PM Gilani expected to visit Kabul soon; Hekmatyar also expresses willingness for talks.

KABUL:
Pakistan has made overtures to Afghanistan to resume talks over the Taliban which broke down following the assassination of Kabul’s chief peace envoy, an Afghan official said on Sunday.

“After Pakistan expressed readiness, the Afghan government has also agreed to resume the talks with Pakistan over the Taliban,” Esmael Qasimyar, a senior member of the Afghan government-appointed High Peace Council, told AFP.

Afghan President Hamid Karzai accused Pakistan of responsibility for the murder of peace envoy Burhanuddin Rabbani in September and last month he said Pakistan was sabotaging all negotiations with the Taliban.

A government official, who spoke on condition of anonymity, said Pakistan had recently sent a message through the Afghan ambassador to Islamabad saying that “Pakistan is willing to resume contacts and talks with Afghanistan”.

He said Pakistan’s prime minister, Yousaf Raza Gilani, was also planning to visit Afghanistan, but no dates had been set. Asked for comment, Karzai’s spokesperson Aimal Faizi said: “Pakistan plays a key role in talks because the militants’ leadership is believed to be in Pakistan.

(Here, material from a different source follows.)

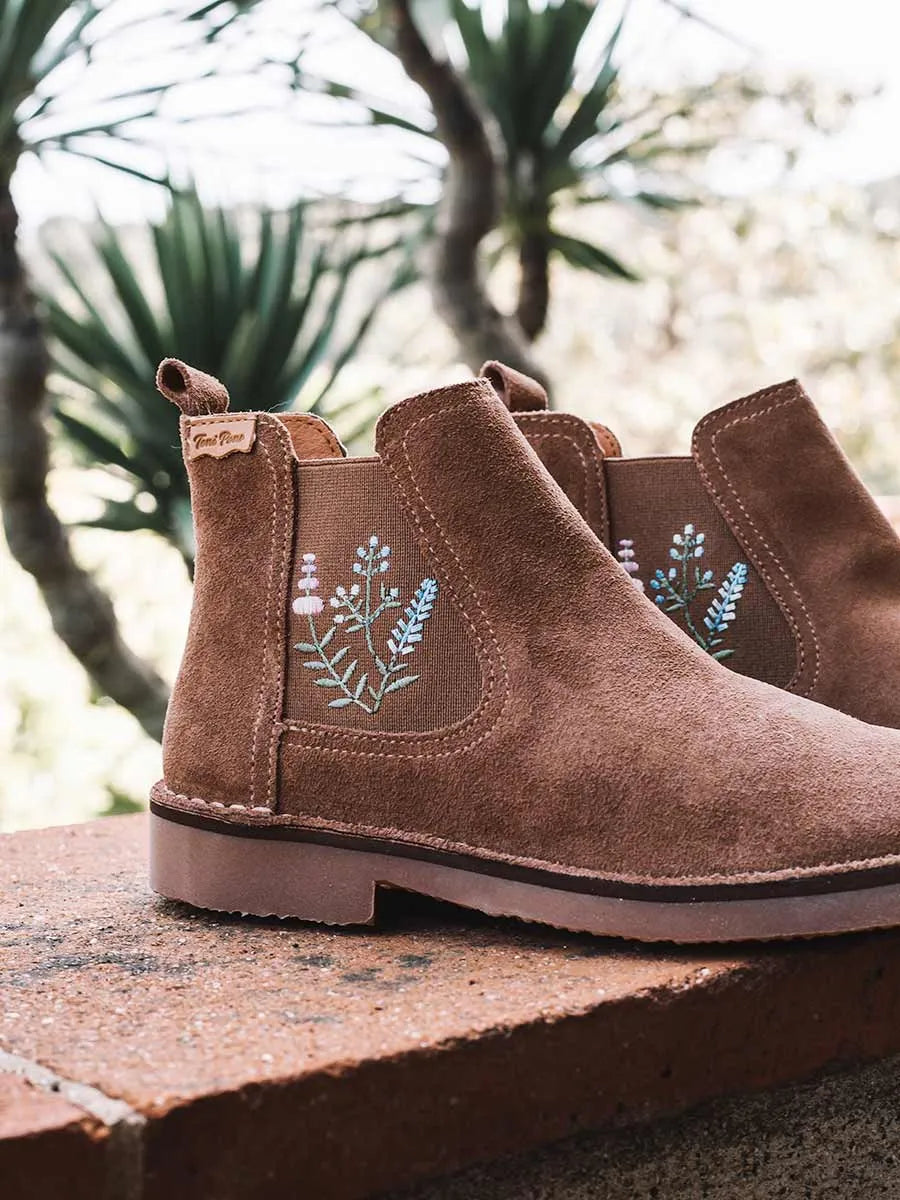 Toni Pons Bisbal bottine daim broderie florale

“We emphasise on good relations with Pakistan and hope that our relations improve, and we hope with the help of Pakistan our peace talks will resume.”

Hekmatyar ready for talks

The leader of Afghanistan’s second-biggest insurgent group said in an interview published Sunday that he was ready for “meaningful talks” with all parties to end the decade-long war.


The statement by Gulbuddin Hekmatyar, head of Hezb-i-Islami, comes after an announcement by the the Taliban that they will open
a political office in Qatar ahead of possible talks with the US.

But Hekmatyar, a former Afghan prime minister, was dismissive of the results of contacts he said Hezb-i-Islami had already had with Washington and the government of President Karzai.

“We held talks with Kabul government as well as with the Americans on different occasions, but did not receive any clear, acceptable and realistic plan from them worth mentioning,” he told the Afghan Islamic Press news agency.

“The Kabul government is powerless and the Americans have no plan acceptable to the Afghan nation and the mujahedeen.”

Any negotiations should “pave (the) way for an agreed plan for the unconditional withdrawal of the foreign forces, guaranteeing Afghanistan’s independence, Afghans’ right to decide their fate and their national integrity,” he said.

Karzai’s spokesman Aimal Faizi told AFP nearly two weeks ago that a delegation representing the group had travelled to Kabul and met the president “in a good atmosphere, and the results were good”.

A palace official told AFP that Hekmatyar’s delegation included Ghairat Baheer, one of his main lieutenants, and that after meeting Karzai they met US embassy officials.

Published in The Express Tribune, January 16th, 2012.